Na semana passada, talvez após uma noite mal dormida, Francisco Novelletto tomou uma decisão unilateral e resolveu provocar um licenciamento compulsório de oito equipes do Estado. Na edição 2011 da Copa Federação Gaúcha de Futebol, no segundo semestre, os rebaixados à Terceira Divisão não poderiam se inscrever. Aimoré de São Leopoldo, Atlético Carazinho, Bagé, Garibaldi, Gaúcho de Passo Fundo, Guarany de Bagé, Milan de Júlio de Castilhos e Três Passos perderam, num par de frases inesperadas, o direito de decidir seus destinos. Uma ordem vinda de cima para baixo, sem consulta aos clubes. Como numa ditadura alienante. 

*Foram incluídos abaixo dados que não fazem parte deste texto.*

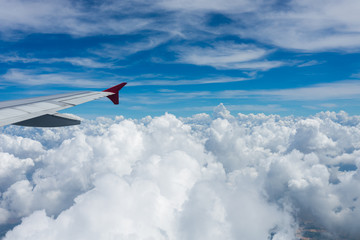 Photo from the window of an airplane. View from above on clouds and the earth. High. Sunny and cloudy day. Photo with telephone. View of the sky.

A alegação de Novelletto é tão simples quanto repleta de vazios interrogativos. Para ele, o fechamento seria benéfico para os clubes. Assim, diz Chico, teriam tempo de se reorganizar e economizar. O máximo mandatário do futebol do Estado parece disposto a proteger as equipes do torneio deficitário que ele próprio organiza. É sabido: a Copinha tem um formato desinteressante e transcorre diante de arquibancadas escassas de torcedores. Mas, na situação de muitos dos rebaixados em 2011, esta análise é simplista. O preço de entrar numa competição mal pensada pela FGF pode ser necessário para não se perder mais no longo prazo. Não disputá-la significa quinze meses de paralisação no futebol profissional – entre a queda na Segundona e o início da Terceirona, marcada para o segundo semestre de 2012. No reinício, terão sumido patrocínios e associados.

Valduíno Alves treina o Milan desde que o clube voltou ao profissionalismo, em 2008. As condições financeiras nunca permitiram que suas equipes superassem a primeira fase da Segundona, mas sua saída raramente foi cogitada. Valduíno é muito mais do que um treinador resistente – ele pode ser considerado um dos mantenedores do Milan, ostentando a marca inacreditável de dezessete anos ininterruptos na casamata do clube. A maior parte do tempo, no amadorismo – cujo retorno agora é uma possibilidade contemplada com indignação. “Os clubes que ficarem parados vão fechar. Se nós não formos aceitos na Copinha, vamos ter que disputar alguma outra porcaria. Nem que seja a Copa A Razão”, diz Valduíno, citando o torneio amador da Região Central do Estado, apoiado por um jornal de Santa Maria. “São oito times parados. Oito vezes vinte e cinco jogadores – são duzentas famílias prejudicadas. Eu tinha um elenco acertado para a competição e agora os jogadores me ligam: ‘bah, Valduíno, não vai ter como”.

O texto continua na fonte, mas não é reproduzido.